Friday, May 29, 2015

New Entrées

Pork Tasting  (MISE WITH A STEAK KNIFE)
White Asparagus, Fresh Truffles, Shaved Egg Yolk

The dish will consist of a regular rotation of three meats, generally including pork belly and pork loin. The base of the plate will be an egg yolk puree (eggs are cooked at a low temperature for one hour, we then separate the yolks from the whites and blend them with olio verde and banyuls vinegar). Jumbo white asparagus will be blanched, grilled, and then tossed with a truffle butter sauce (truffles, butter, water). Jumbo green asparagus will be shaved thin and tossed with a vinaigrette (sherry vinegar, olio verde, and shallots.) Garnishing the plate are slow cooked quail eggs, salted and dried egg yolks, and shaved fresh truffles. (Allergies: Dairy--butter only*, Egg)
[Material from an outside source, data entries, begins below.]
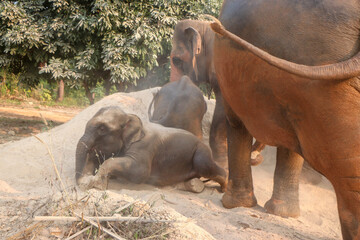 Fototapeta premium mother and baby elephant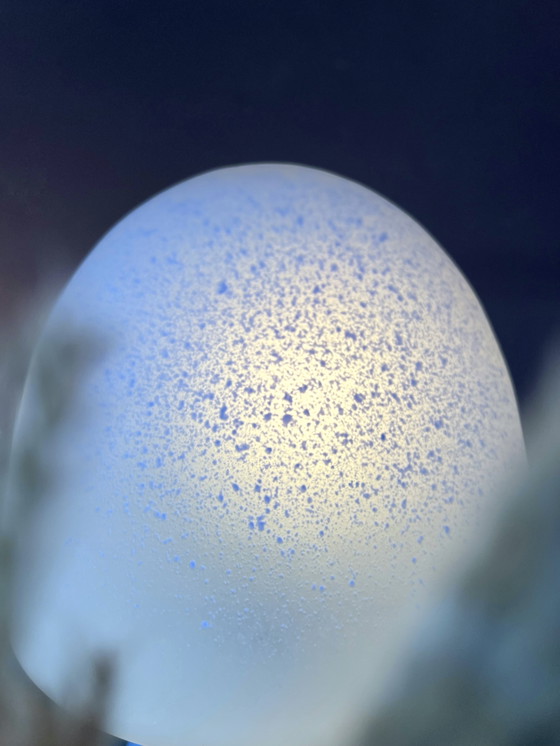 Image 1 of Peill & Putzler mushroom tafellamp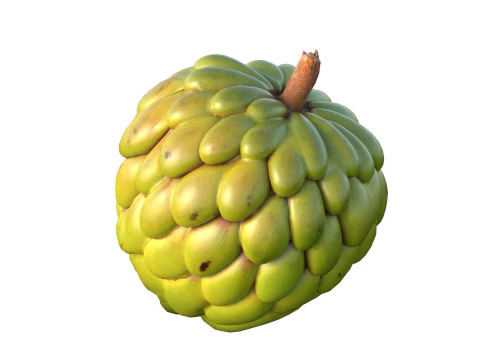 Sugar apple Fruit 3D Model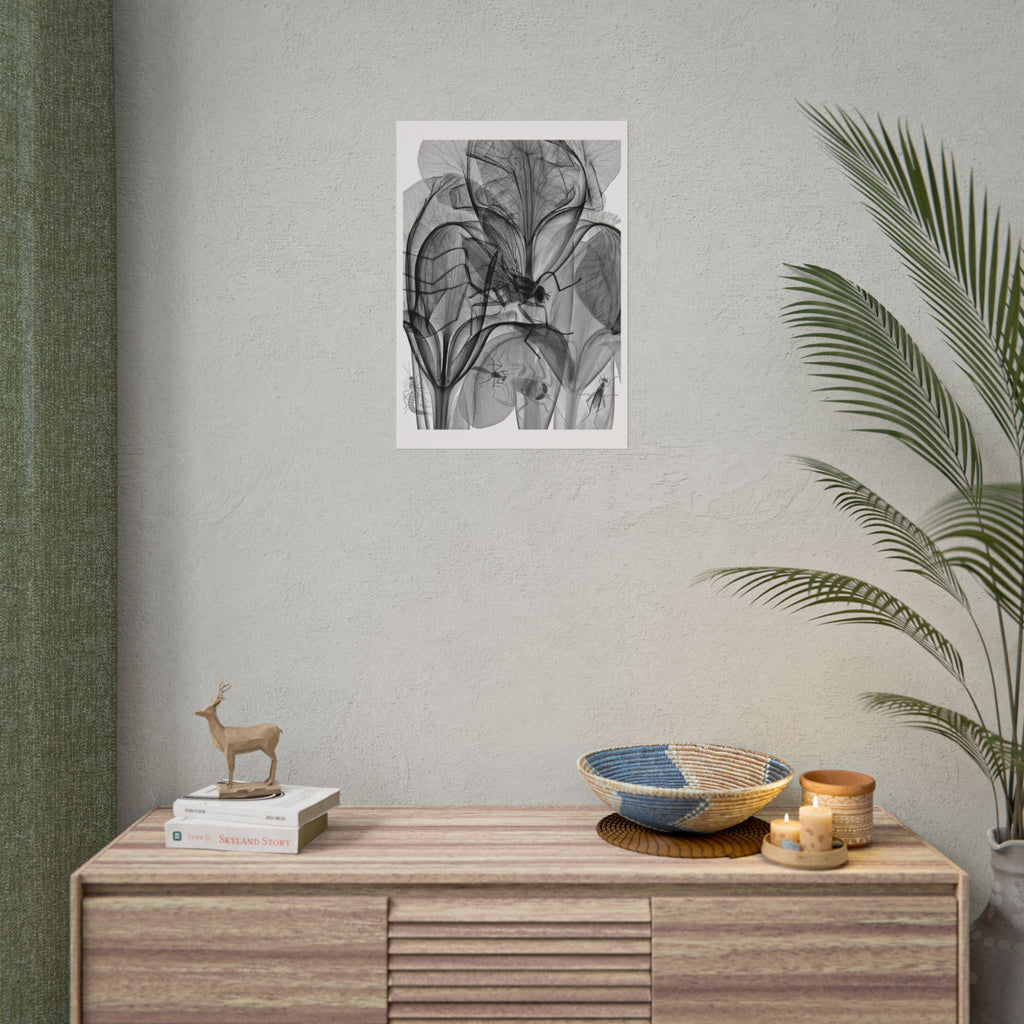 Botanical X-Ray Art Poster — Monochrome Floral Rolled Print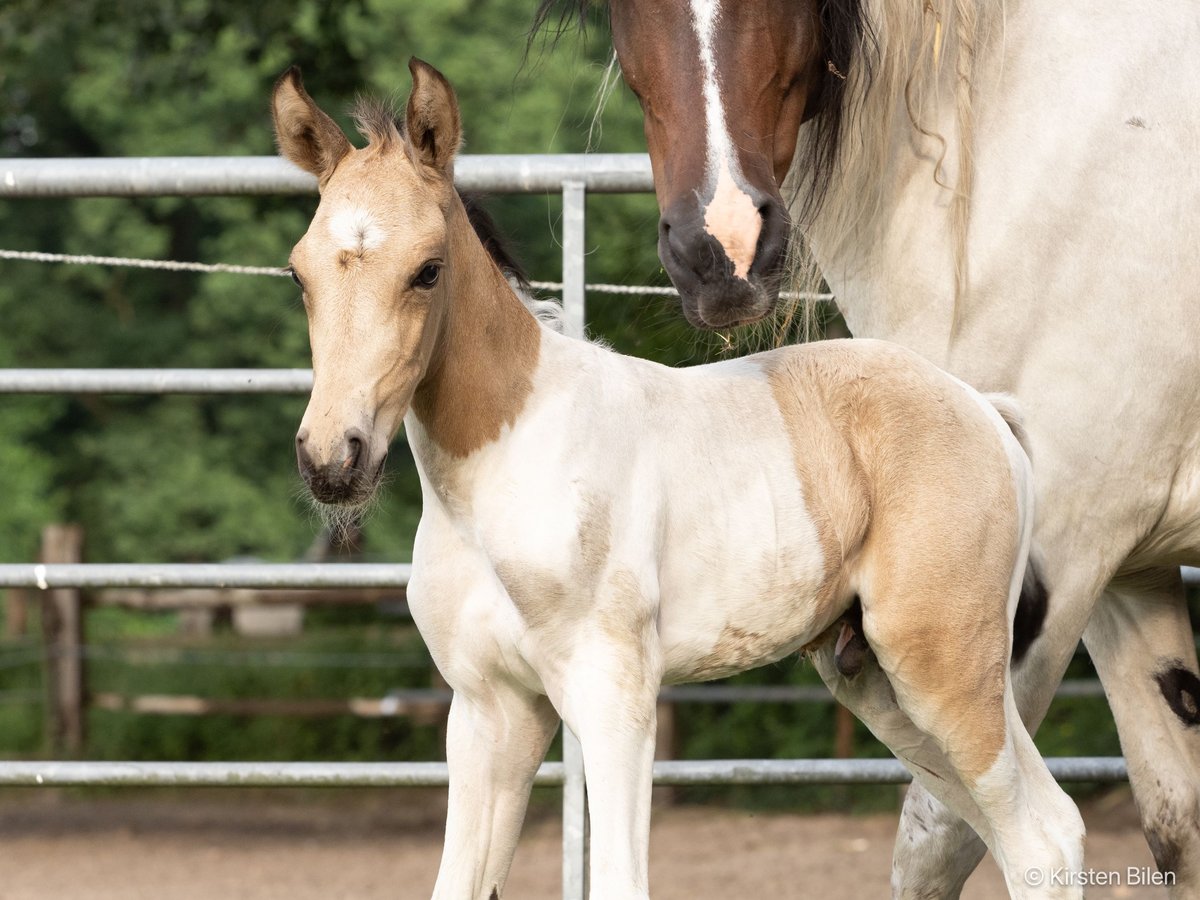 Mangalarga Marchador Étalon Poulain (06/2024) Pinto in Welle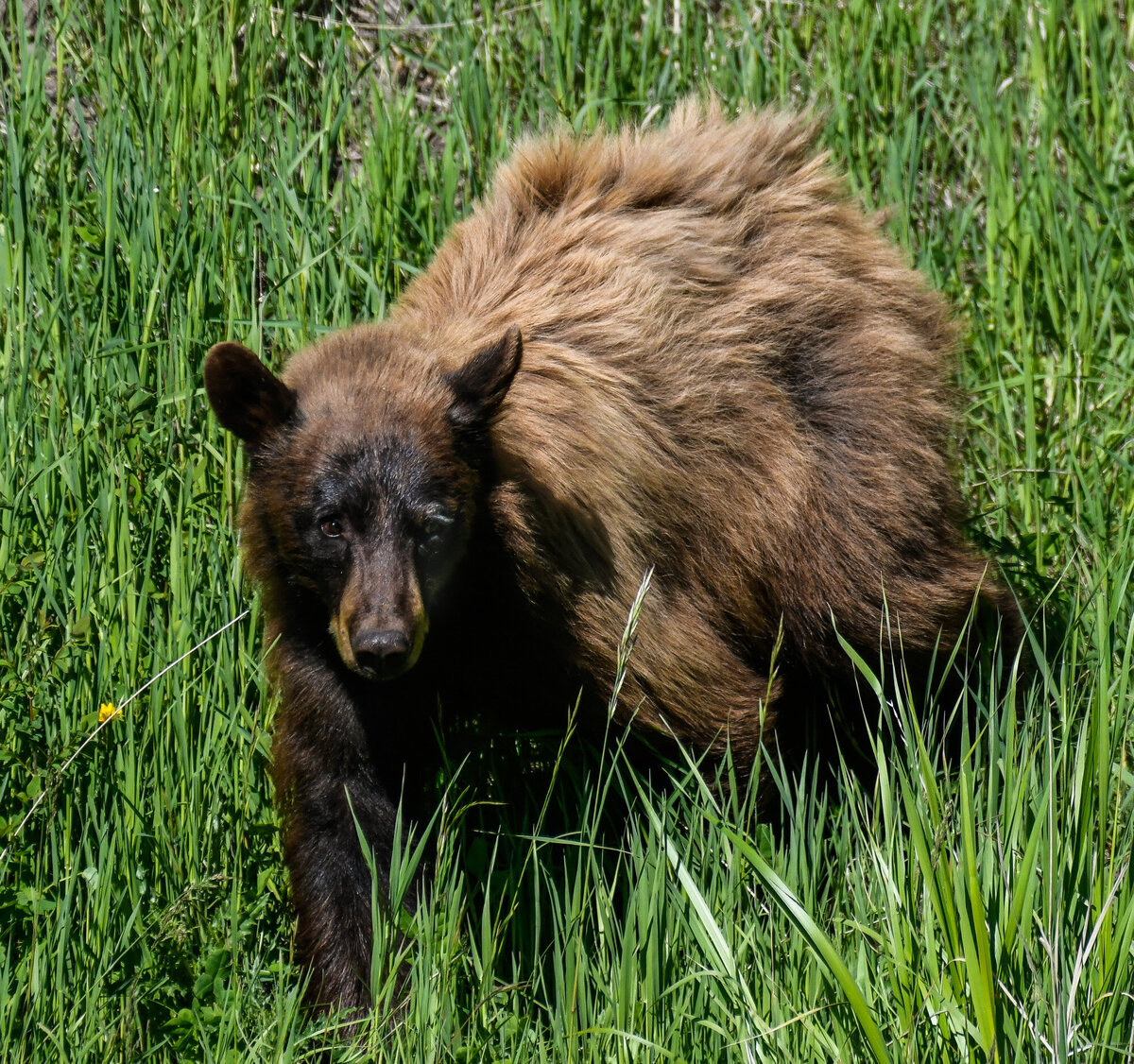 Cinnimon Bear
Lamb Stinco  (MISE WITH A STEAK KNIFE)
Whey Braised, Fresh Chick Peas, Harissa, Spiced Carrots

Lamb shank is braised in whey, mirepoix, rosemary and white wine stock. The lamb shank is dressed in a harissa and garlic yogurt sauce (harissa, greek yogurt, lemon juice, olive oil, honey, salt, pepper, and cucumber.) The lamb is then coated in a southern italian/ middle eastern influenced dry rub (15 spices including thyme, fennel pollen, caraway, cumin, coriander) It is served with grilled carrots (confited in olive oil, coated with the same dry rub) and garlic yogurt sauce (greek yogurt, lemon juice, salt, olive oil, honey and cucumber,) grilled pea greens and fresh chick peas dressed in a gremolata (lemon, olive oil and mint). (Dairy)

Fluke alla Vignarola (MISE WITH SPOON)
Olive Oil Poached, Local Vegetables, Garlic Scape Brodo

Fluke (local flat fish) is poached at low low temperature in olive oil. Local vegetables will change throughout the season (currently: peas, fava beans, carrots, garlic scapes, fiddleheads, artichokes, and yellow beans) are heated in a vegetable broth and glazed in butter. The base of the dish is a fennel and onion puree as well as a garlic scape brodo (broth: mirepoix, garlic scapes, pea pods, fava pods…also subject to seasonal change) seasoned with a garlic scape purée. Vignarola is italian for “vitner’s style”: a type of vegetable stew. The dish is garnished with basil, fennel pollen and spring herbs and flowers. (Dairy*--butter only)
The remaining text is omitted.